> WORK ITEM
Leaving the pictures aside, return all of the data below exactly.

> DATASET EXCERPT

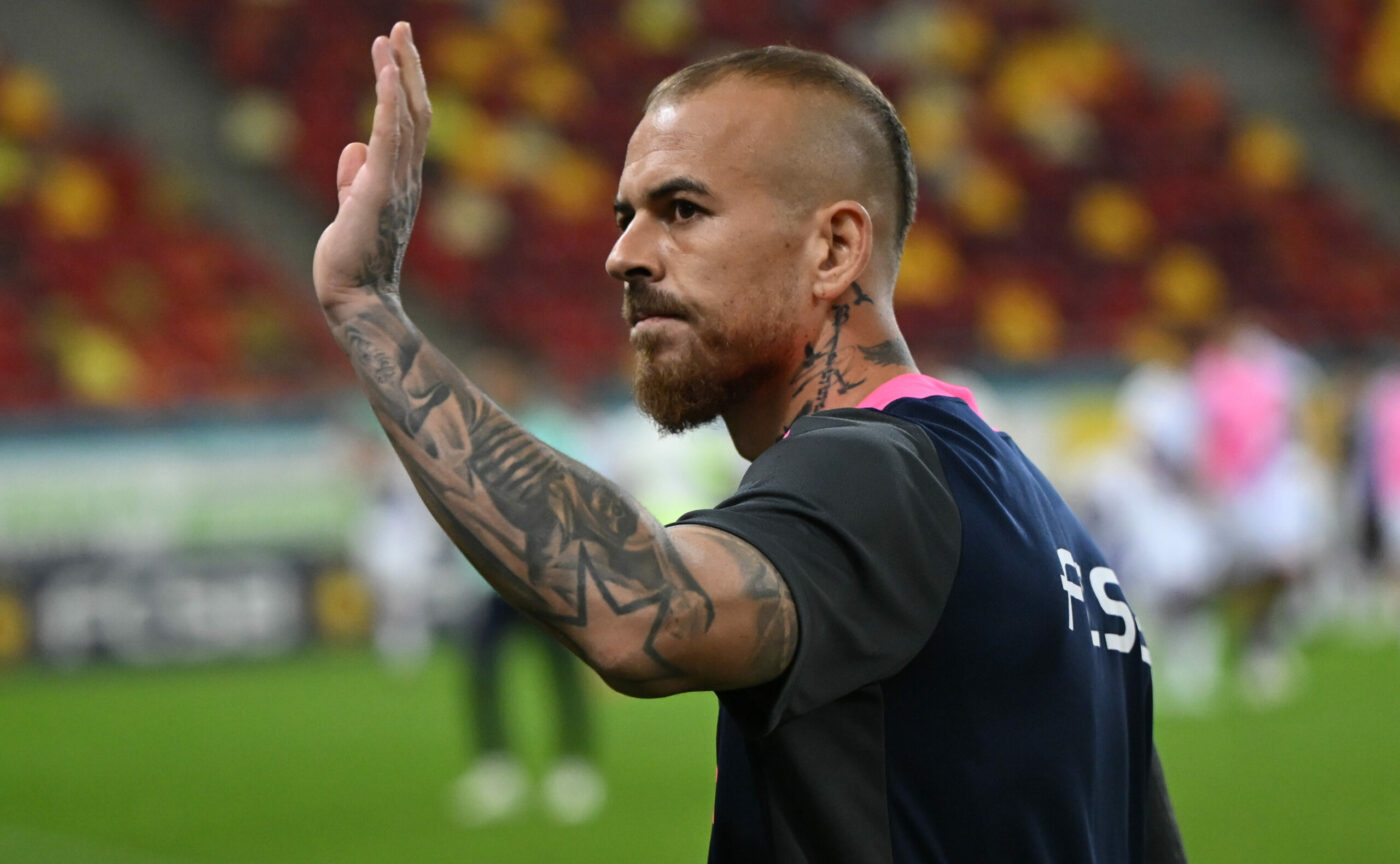 Giovanni Becali, anunț despre transferul lui Denis Alibec la Dinamo. Ar fi bomba iernii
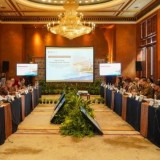 Saat Kondisi Bursa Bergejolak, Laba KPEI Melonjak Hingga 40 Persen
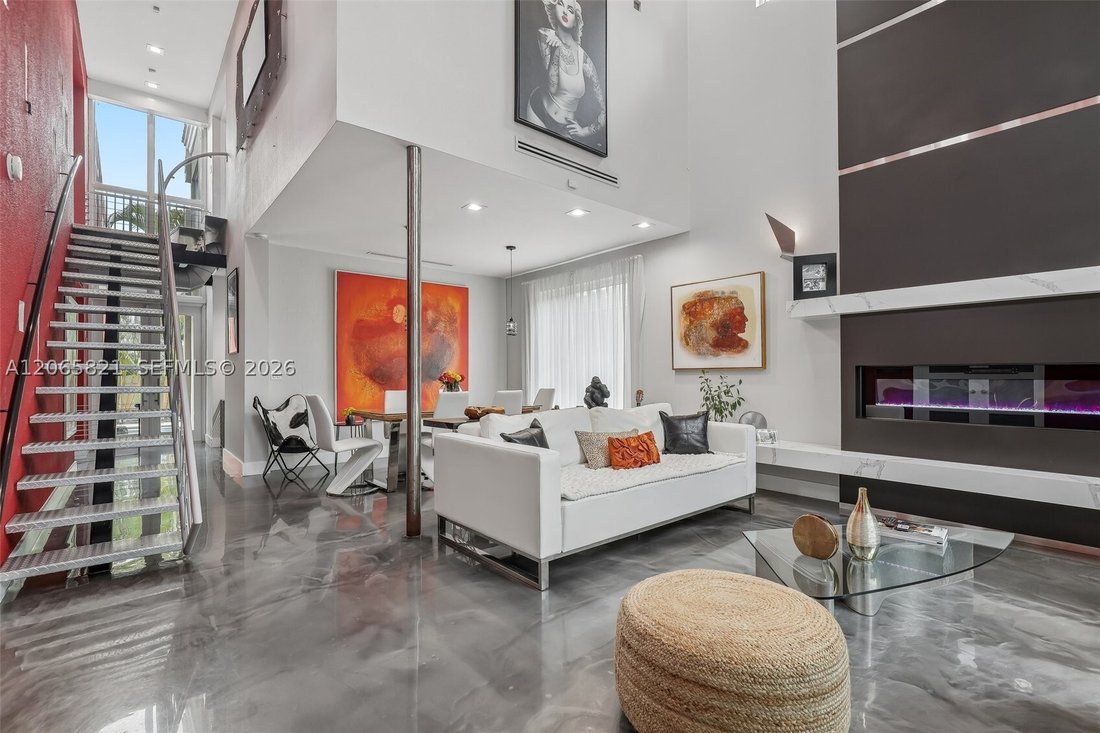 House in Hialeah, Florida, United States 4 - 18600900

> SOLUTION
 Giovanni Becali, anunț despre transferul lui Denis Alibec la Dinamo. Ar fi bomba iernii
 Saat Kondisi Bursa Bergejolak, Laba KPEI Melonjak Hingga 40 Persen
 House in Hialeah, Florida, United States 4 - 18600900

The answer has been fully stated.